### Data for this exercise

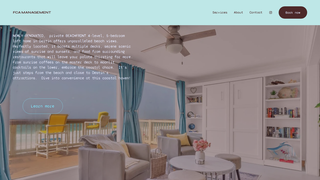 Thumbnail of seadestinoasis.com
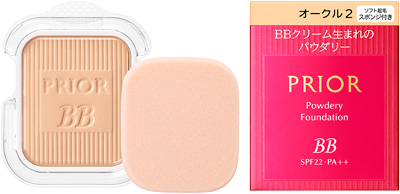 美つやＢＢパウダリー����������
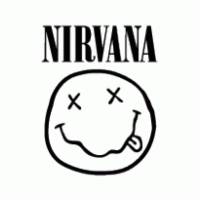 Nirvana Logo - Nirvana | Brands of the World™ | Download vector logos and logotypes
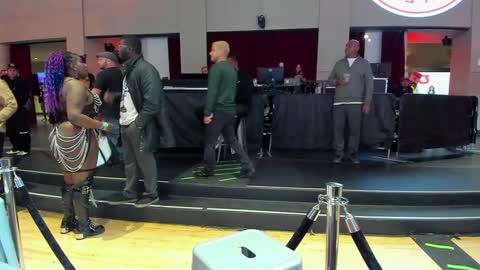 Snapshot of himexmarie chatting on 18, 1, 2025 Hime Marie online show from 18, 1, 2025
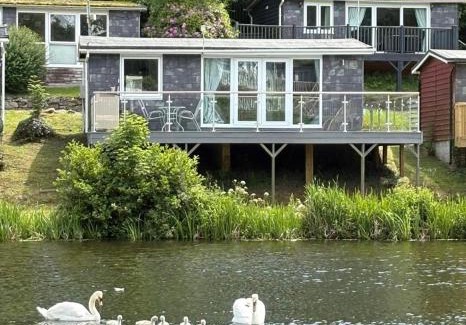 Bont Newydd Apartamento | Lakeside Lodge 84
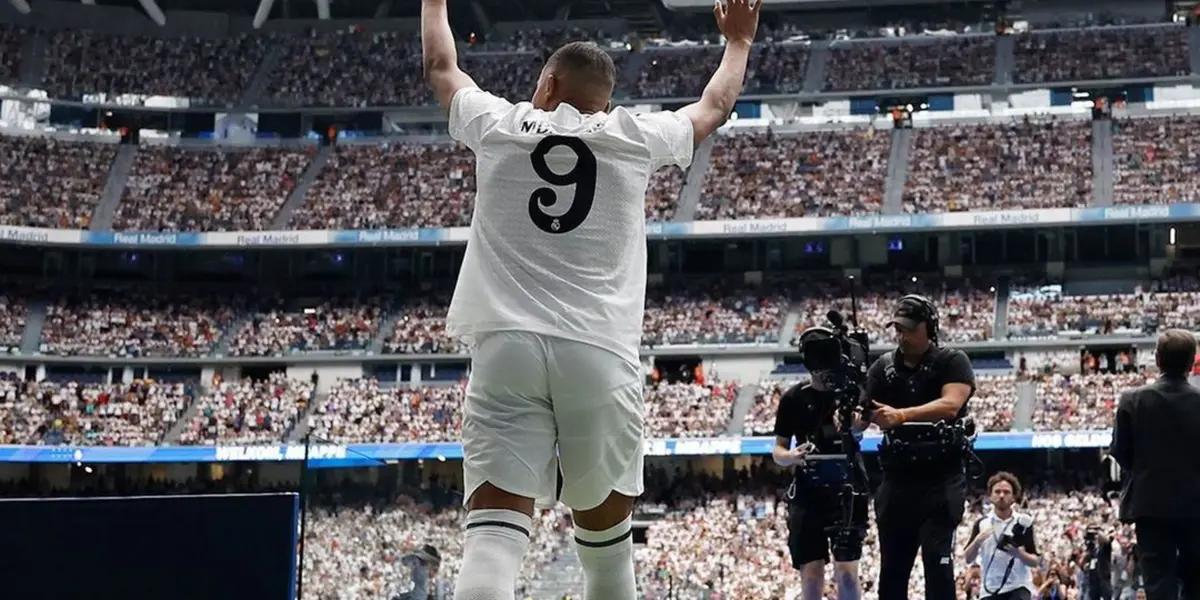 PSG Defies Court Order, Refuses to Pay Mbappé Millions. Foto: Instagram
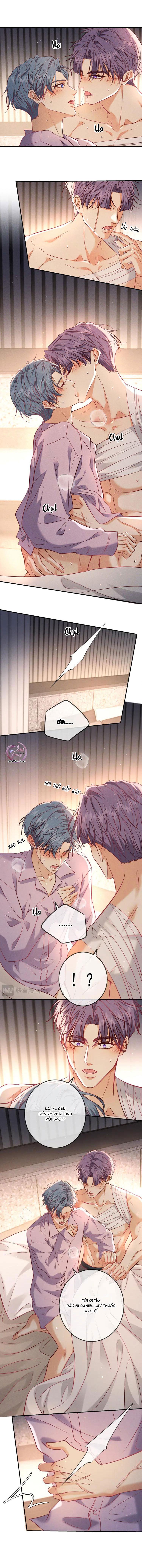 Đọc truyện Cạn Tình - Chapter 61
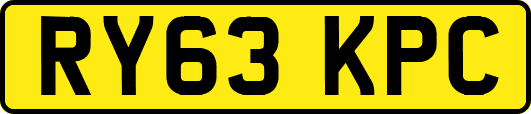 RY63KPC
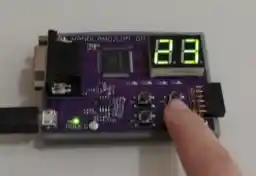 N Size ALU's preview image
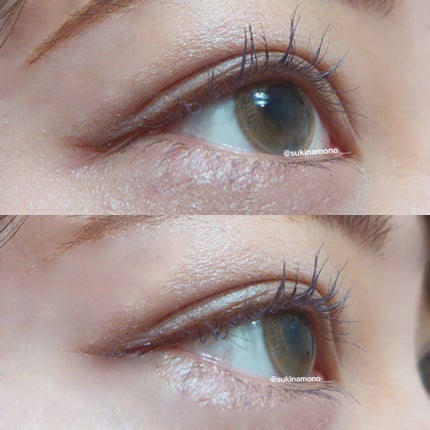 スパークリング ジェム/DAZZSHOP/ジェル・クリームアイシャドウを使ったクチコミ(5枚目)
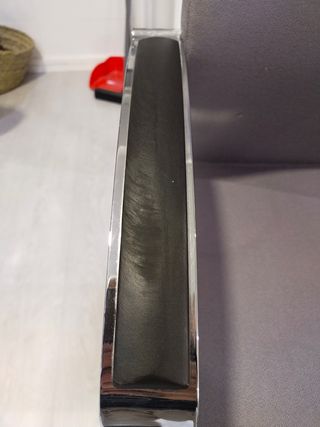 Sillón de directivo giratorio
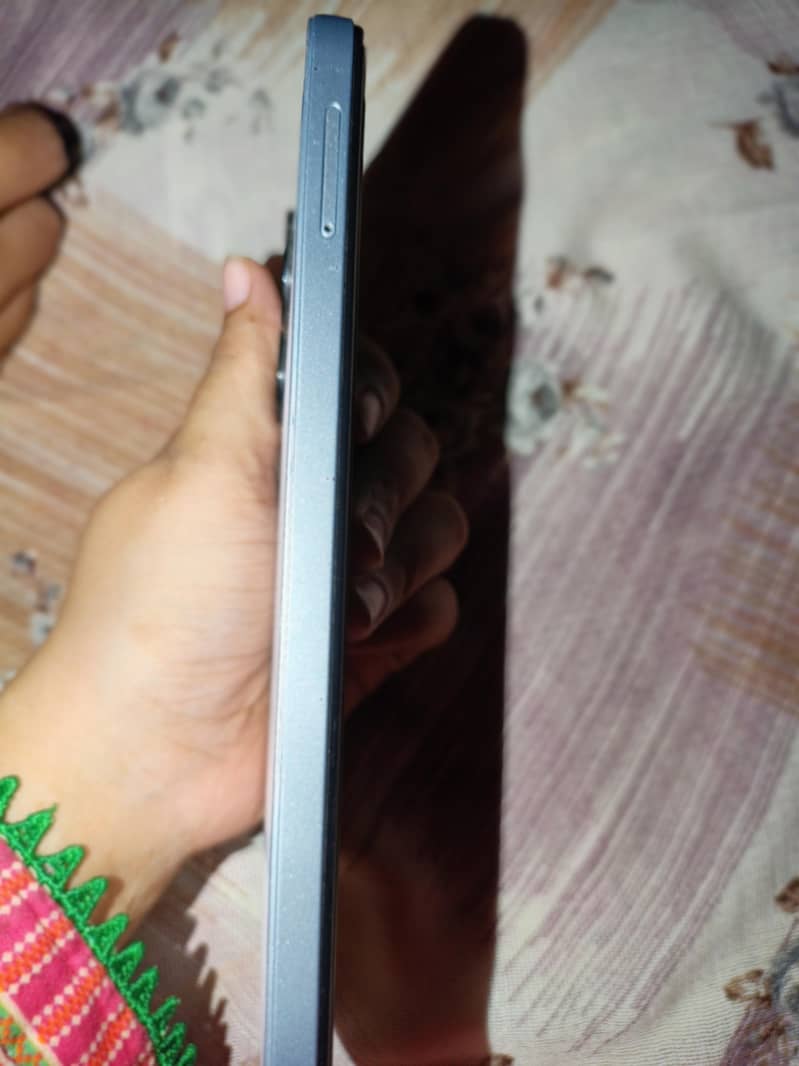 Tecno spark 20 1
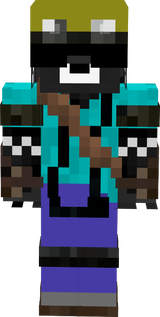 spreen explorador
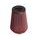 Twin conical air filter BMC FBTW141-230C Carbon Top
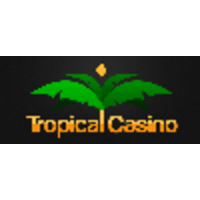 Casino Tropical logo, Casino Tropical contact details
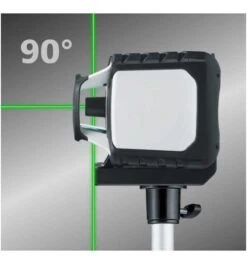 Laserliner Rotationslaser Set Cubus G 210 S Set 150 Cm -Fortistabila Geschaft rotationslaser 1373770 czm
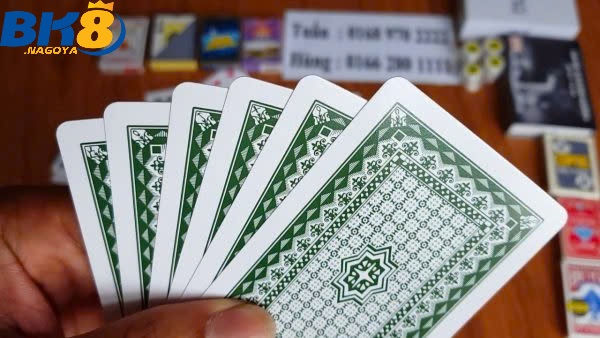 Bí Kíp Chơi Bài Cào Bịp Để Giành Chiến Thắng Và Hốt Bạc Về Nhà 3 Gặt hái lộc cùng Ku Fun.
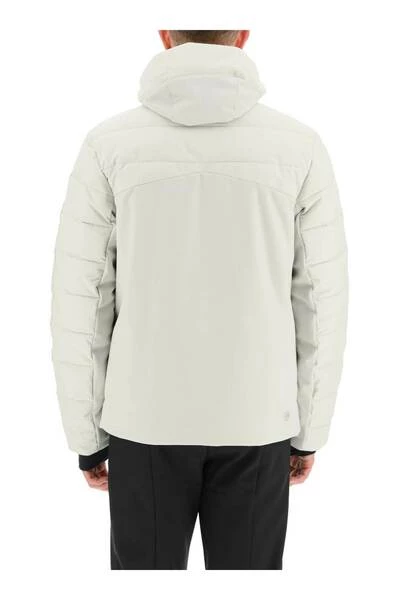 Colmar Jassen Down Coats White 2 Colmar Jassen Down Coats White - Afbeelding 2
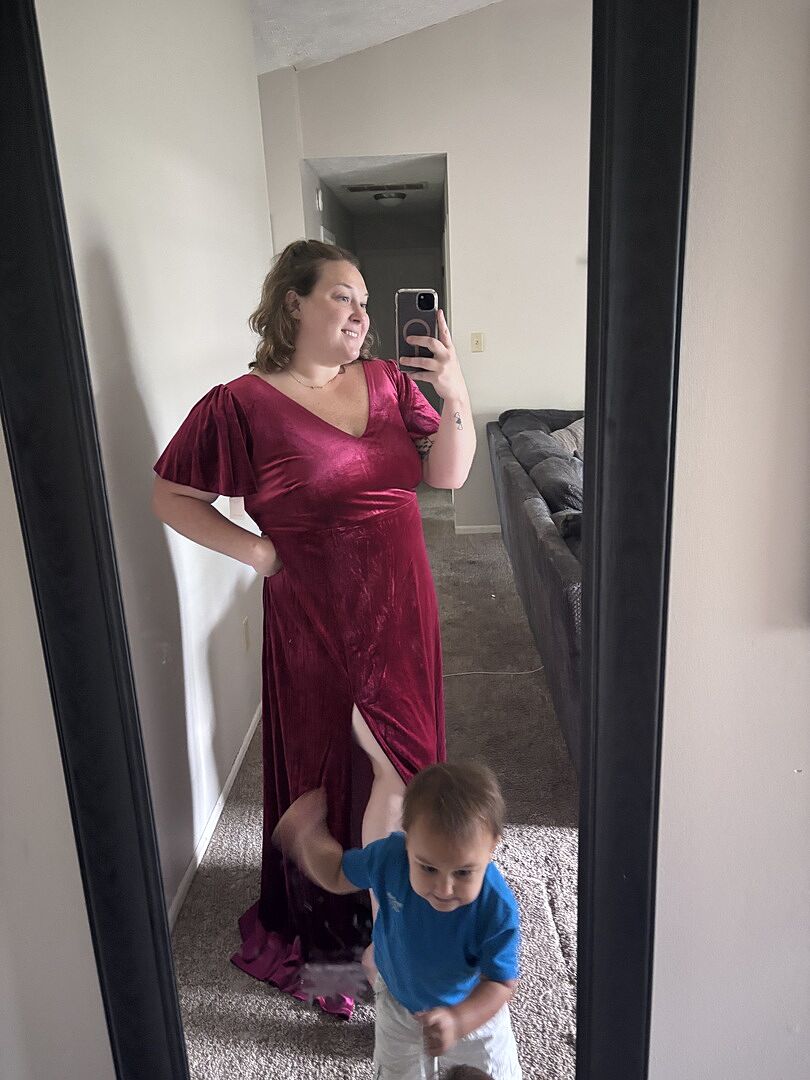Review image from Desiree K.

### Your goal
The material above holds pictures; leave them out. Repeat exactly the lines from the one containing "Nirvana Logo - Nirvana" through the one containing "Casino Tropical logo, Casino", and nothing else.

### Solution to this exercise
 Nirvana Logo - Nirvana | Brands of the World™ | Download vector logos and logotypes
 Snapshot of himexmarie chatting on 18, 1, 2025 Hime Marie online show from 18, 1, 2025
 Bont Newydd Apartamento | Lakeside Lodge 84
 PSG Defies Court Order, Refuses to Pay Mbappé Millions. Foto: Instagram
 Đọc truyện Cạn Tình - Chapter 61
 RY63KPC
 N Size ALU's preview image
 スパークリング ジェム/DAZZSHOP/ジェル・クリームアイシャドウを使ったクチコミ(5枚目)
 Sillón de directivo giratorio
 Tecno spark 20 1
 spreen explorador
 Twin conical air filter BMC FBTW141-230C Carbon Top
 Casino Tropical logo, Casino Tropical contact details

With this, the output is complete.